It was bound to come. A tough year. When a farmer gets several good years in a row, there's a nagging thought in the back of his mind that there's a tough year coming up. That tough year just may be this year.
It's been dry this year in Upstate New York. We had very little snow during the winter - a fact that made many residents happy, but we knew it would potentially wreak havoc on this year's crops. After a winter of little snow, we have had a spring and summer with even less rain. While our lima beans were floating away last year, this year's peas were drying up a week before scheduled harvest.
My husband is usually pretty happy and cheerful. He rarely worries. Last week, he worried. He asked our pastors if they knew of any work available because if it didn't rain soon, he'd have to get another job. This remark resulted in a church-wide e-mail from our caring pastors requesting people pray for rain.
At the opening of our Wednesday evening church service, our pastor, knowing the power of the faith of a child, asked if a young one would volunteer to pray, specifically for rain for Mr.
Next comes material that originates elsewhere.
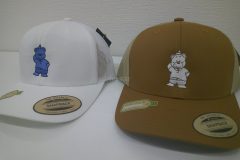二色の帽子のフロントに可愛いクマのキャラクターをタタミ縫いをベースにオリジナル刺繍加工した制作事例。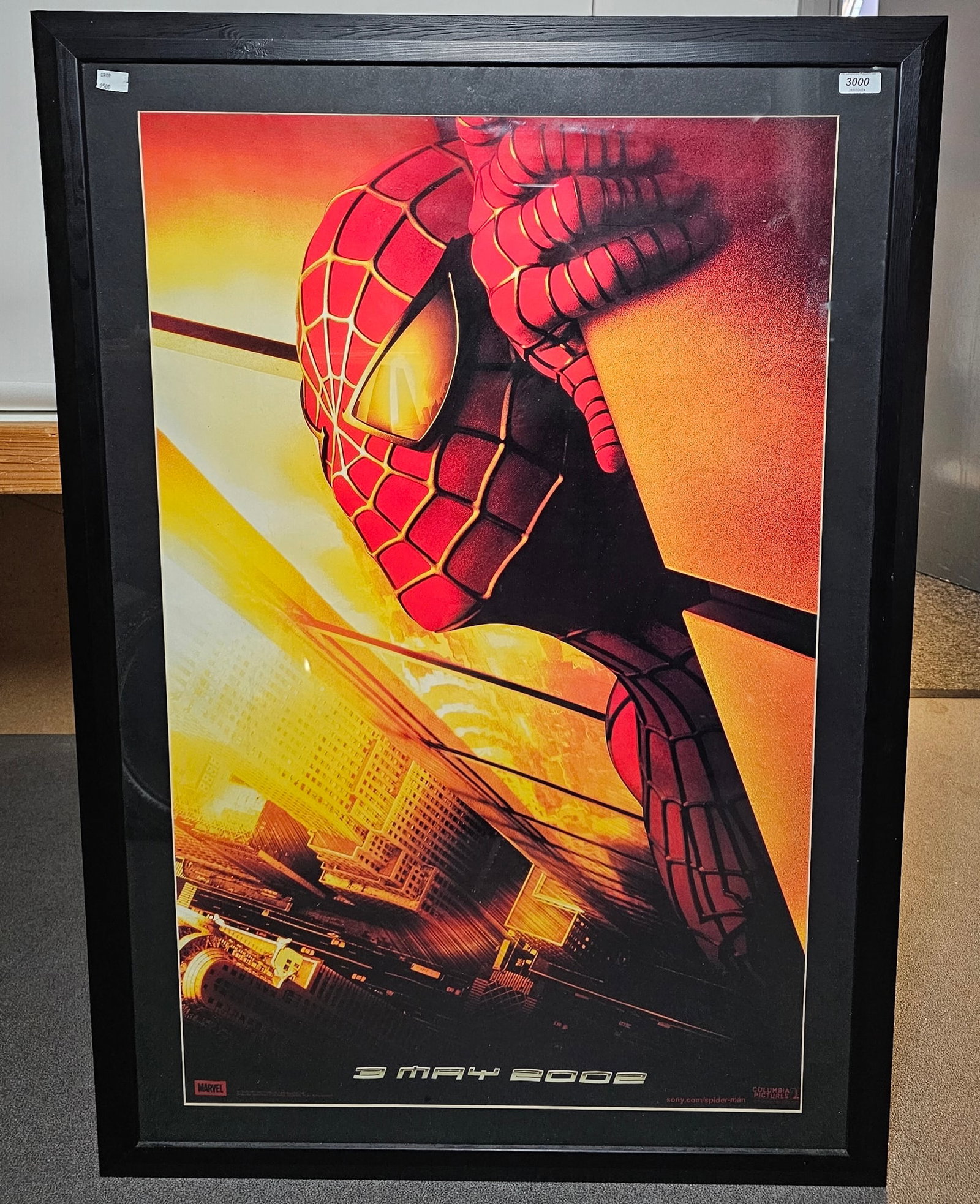 An original 2001 Spiderman 'Twin Towers' vinyl framed teaser movie banner, 96cm x 60cm (please: An original 2001 Spiderman 'Twin Towers' vinyl framed teaser movie banner, 96cm x 60cm (please note the mount appears to cover part of the poster, so the actual size of the poster is larger). 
McC's farm. In the center section towards the back, a hand went up - so small that a man sitting nearby had to call the Pastor's attention to it. Pastor called the little boy up to the platform and asked the child if he knew who Mr. McC was. He did. He knew he was a farmer. He knew he needed rain. Would he pray? He would. Pastor and little boy both kneeled down and we all heard the voice filled with innocence and faith pray for rain.
(Incidentally, this little boy's grandfather, a man he never met due to his grandfather's early death, was a good friend of my husband's. Any time this man needed prayer for something, he would ask our children to pray. Oh, Eric and I could pray if we wanted, he said, but he wanted the powerful prayers of the faith-filled hearts of children. Last Wednesday night, his grandson was the one praying for us.)
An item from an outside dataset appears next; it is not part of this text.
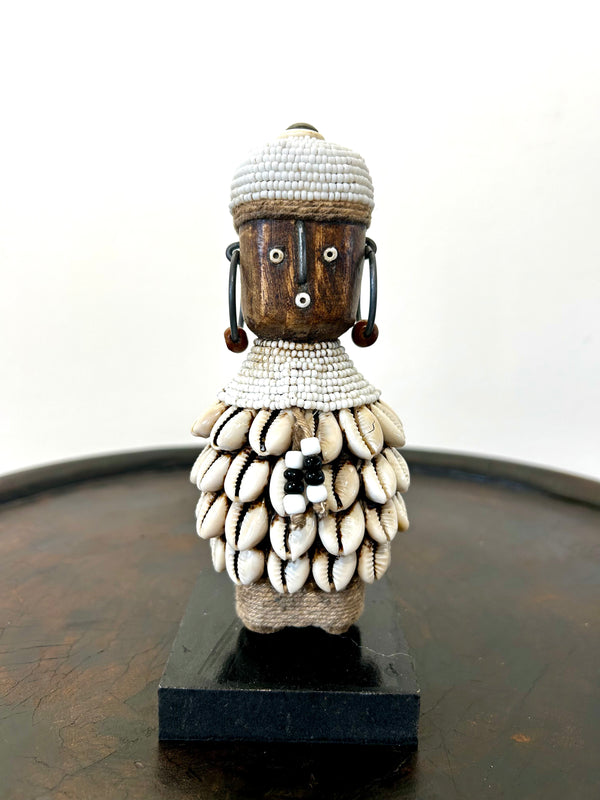 Namji doll sculpture from Cameroon, adorned with white beads and cowrie shells, representing fertility and motherhood, displayed on a dark base.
Fast-forward to Friday evening around 6:00 pm. The skies had been darkening for some time.
Then, the rain began to pour down. I saw my husband and daughter standing in the barn just looking out at the torrential downpour. After a couple of minutes, they began to walk to the house. Eric detoured to check the rain gauge and then continued walking toward the rest of us who were standing on the porch.
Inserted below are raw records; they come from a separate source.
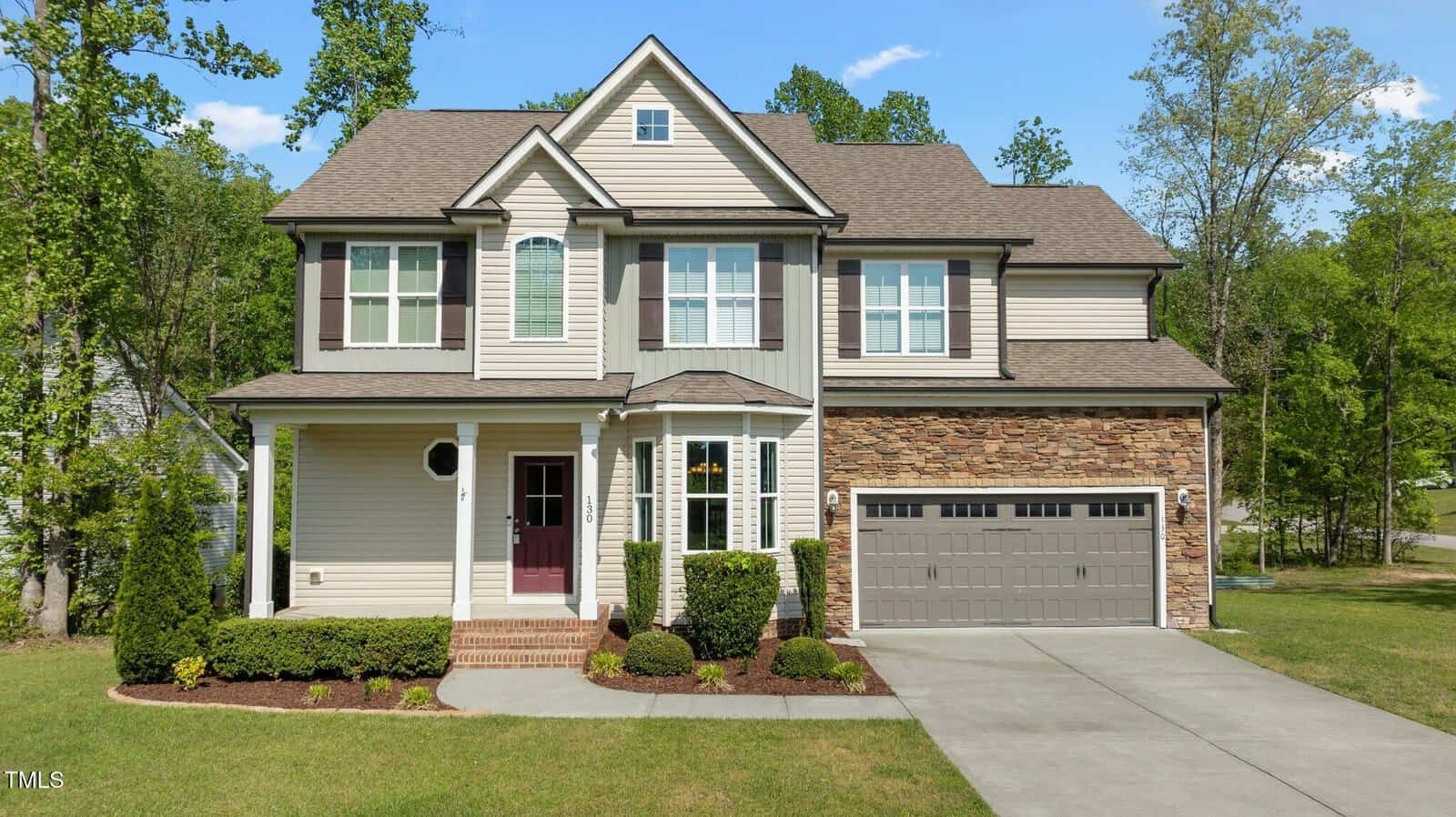 Two-story beige suburban house with stone accents, a covered front porch, dark shutters, a two-car garage, landscaped front yard, and a concrete driveway, surrounded by green trees and grass.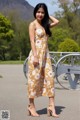 A woman in a yellow floral dress poses for a picture.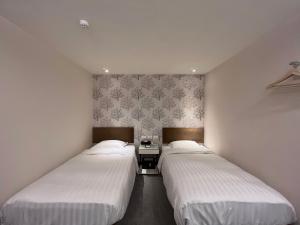 two beds in a room with white walls at Hotel Puri in Taipei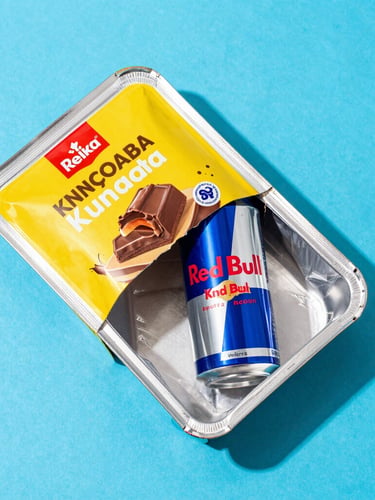 Overhead flatlay of an open package revealing imported Kunafa chocolate and a Red Bull can nestled in temperature-controlled packaging material, bright studio lighting, vibrant saturated colors, clean modern backdrop.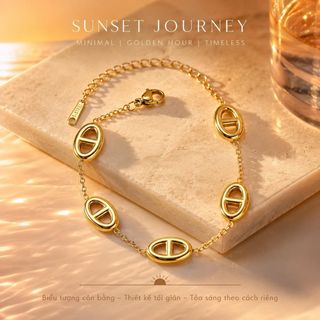 Vòng tay nữ thép titan mắt oval tone vàng sang trọng Vòng Tay Thép Titan Mũi Lợn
On Sunday, my farmer-husband bent his 6'3" frame down to speak to the little prayer warrior who knelt on the stage Wednesday night to simply ask God for rain. Eric showed him the two pictures you see above.
"When you get older and begin to doubt God, you remember these pictures."
It hasn't rained since and our corn is beginning to shrivel again. Yet, we do not despair. The peas that were so dry, the ones that were harvested before the rains came, yielded just as good as they have in years past. In fact, our peas - the ones that were prayed for - yielded better than the farmers' peas crops surrounding us. So, God can work miracles on our corn, too.
But, if He chooses not to, we saw Him work, and a little boy saw Him answer his prayer. That is the miracle most precious. No matter what, He is good....all the time.